Figure 8 depicts that comparative results obtained by the proposed PFTL scheme over state-of-the-art methods over a comprehensive MESSIDOR dataset. The maximum percentage improvement of 16.01% is accomplished by the proposed PFTL method over the state-of-the-art technique provided by Lam et al. [49] and minimum 2.21% improvement in accuracy is seen over the technique proposed by Hazim et al. [50]. The comparison with other state-of-the art methods provides accuracy improvement of 8.50%, 13.51%, 3.40% and 4.64% with Antal et al. [51], Perdomo et al. [52], Vo et al. [53] and Sarki et al. [54], respectively. Unlike other state-of-the-art methods, in this article, we have proposed a transfer learning based PFTL approach which uses prominent features reduced after statistical selection for SVM machine learning based DR severity grade classification. Using the proposed PFTL approach for real time DR classification scenario will be the key emphasis of research in the future perspective of this work.

Fig. 8
figure 8

Comparison of existing CNN based techniques with the proposed PFTL model

4 Conclusion

The exponential rise in the number of diabetic patients has made DR diagnosis challenging, thus, the practical implementation of DR diagnostic system requires a reliable DR severity grading system to fit into the real-world applications. A transfer learning based DR detection system utilizing CNN architectures for feature extraction and supervised SVM classifier for classification is proposed in this work. The PFTL approach utilizing statistical feature reduction method performs better achieving the maximum accuracy of 90.51% utilizing IncpetionV3 model for MESSIDOR dataset. The cost analysis in terms of cross-entropy loss and computational time reveals that PFTL (CNN + Statistical Analysis + SVM) model provides the minimum cross-entropy loss of 0.295 consuming the time of 38 min 53 s, thereby maintaining a trade-off.
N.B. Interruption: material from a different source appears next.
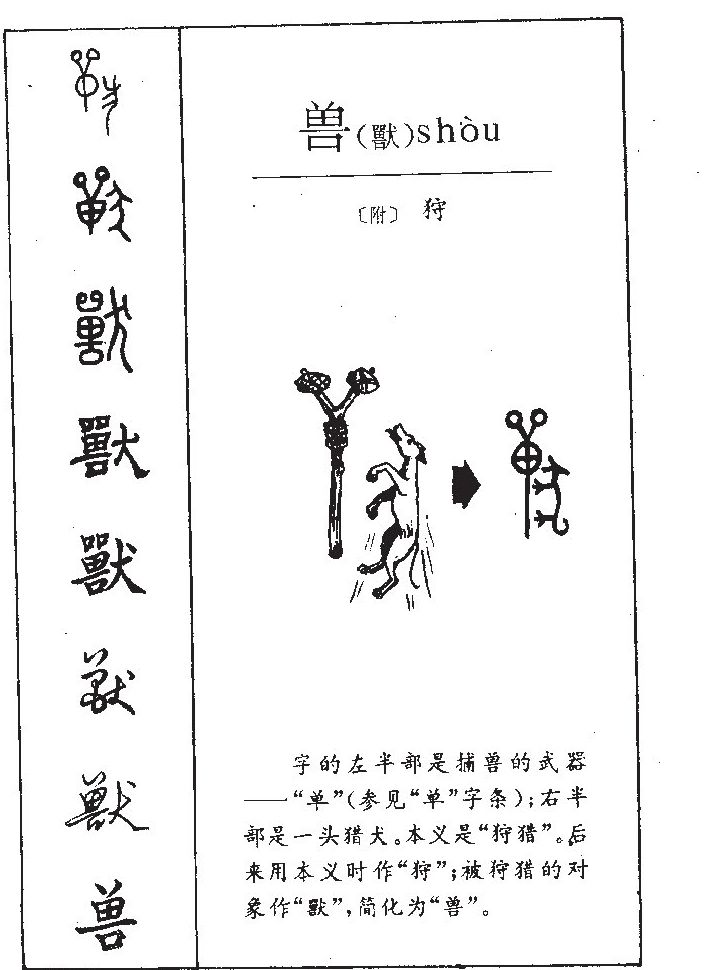 兽字五行属什么-兽字起名的寓意-兽字意思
A latest dataset is utilized for establishing the generalization capabilities of the proposed model and it is seen that IDRiD dataset follows the same trend and yields maximum accuracy of 90.01% for Inception V3 network providing uniform outcomes for all the evaluation parameters, irrespective of the dataset being utilized. The experimental results obtained demonstrate the competence of the proposed transfer learning based system which provides quicker and effectual DR analysis. The maximum accuracy improvement of 16.1% is attained for the optimized PFTL model (CNN + Statistical Analysis + SVM) comparative to the state-of-the-art techniques utilizing MESSIDOR dataset. The diagnostic capability of the state-of-the-art method is improved utilizing the proposed PFTL model, as indicated by the comparative analysis. The future perspective of this research work will deal with the model testing and deployment over the more generalized datasets in order to attain improved performance. This research work addresses the grading of non-proliferative DR categories; mild, moderate and severe stages. For future studies, the model generalization will be tested on other derivatives of the diabetic datasets as well as other DR disease’s derivatives to improve the diagnostic ability of the learned models. The future initiatives will be focused on abnormal growth of retinal blood vessels like vitreous hemorrhages and retinal detachment.